Those numbers—a set of values describing the percentage of land near tributaries that has yet to be designated as legally protected—provide the real takeaway here. The legal protections that the number helped inform are still enforced today, in the form of the Watershed Protection Act, which “regulates land use and activities to protect the drinking water supply of over 3 million people.”

For a long time, maps were regarded as databases in their own right. Urban tax and fire insurance atlases are a fine example of that: they stored precious information and provided instructions for how users could query it. Placed in its context, it’s clear that the buffer map of Wachusett tributaries is something different, less a database and more an artifact of spatial statistics. The map provides visual evidence that the calculated number is real.

A printout from the Walking Distance Locator kiosk, alongside photos of the kiosk installed in the park at the corner of Washington and School Streets..

A printout from the Walking Distance Locator kiosk, alongside photos of the kiosk installed in the park at the corner of Washington and School Streets..

None of this should suggest that computers made spatial analysis possible in the first place, nor should it imply that GIS made maps obsolete as wayfinding objects. In 1989, the Boston-based company Visual Media Inc. installed three “Walking Distance Locator” kiosks in the Back Bay. Using the kiosks—themselves geographic information systems that had been installed as pieces of infrastructure in the landscape—people could print out physical locator maps that directed them towards local businesses based on a predefined category, such as “Book store.”

Although the Walking Distance Locator didn’t survive, it did foreshadow the economic model for how modern digital maps operate. The ubiquitous wayfinding platform Google Maps, reportedly an $11 billion dollar business, makes money just like the Walking Distance Locator: by advertising places to users based on their location. This sort of monetized spatial data circulates throughout our social lives in lots of ways: social media apps like Snapchat map users' video content, and TikTok uses “[Designated Market Area] geo-targeting” to provide “granular location targeting options” for businesses who advertise on the platform.
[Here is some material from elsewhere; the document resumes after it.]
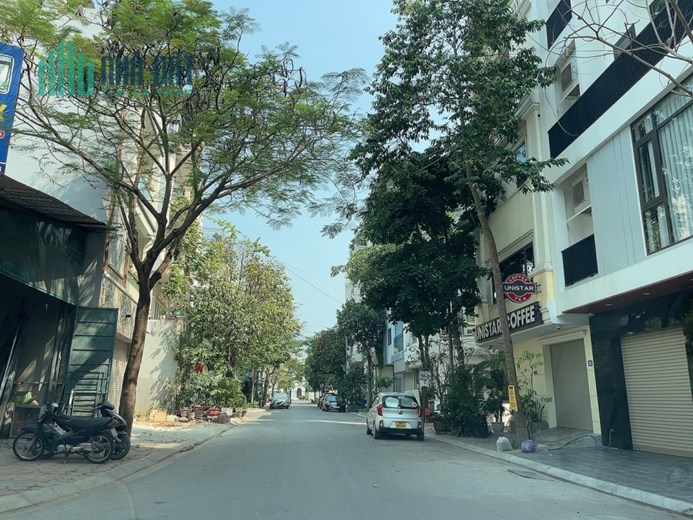 BÁN ĐẤT LÔ GÓC MẶT PHỐ THUỘC QUẬN CẦU GIẤY CÓ 102: DIỆN TÍCH 3343M2 - MẶT TIỀN 50M - GIÁ THANH LÝ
When you read a digital map today, it’s often reading you too, trying to determine who you are based on where you are.

A targeted Google Maps advertisement for a bagel & coffee shop in the Back Bay, based on LMEC staff’s location at the nearby Central Library (and, presumably, the likelihood that this ad will appeal to them).

A targeted Google Maps advertisement for a bagel & coffee shop in the Back Bay, based on LMEC staff’s location at the nearby Central Library (and, presumably, the likelihood that this ad will appeal to them).

Like all technological developments, the analytic and economic benefits reaped by advancements in computer cartography would not be shared evenly throughout the twentieth century, nor into the twenty-first. Those advancements were consequences of a world that was becoming more anxious about geopolitics, more concerned over environmental management, and more attuned to structural disparities along the axes of ethnicity, race, and gender. However, while counter-mapping projects would not enjoy the benefits of computer cartography and GIS until quite a while after it emerged, these groups had long been processing the world in their own way.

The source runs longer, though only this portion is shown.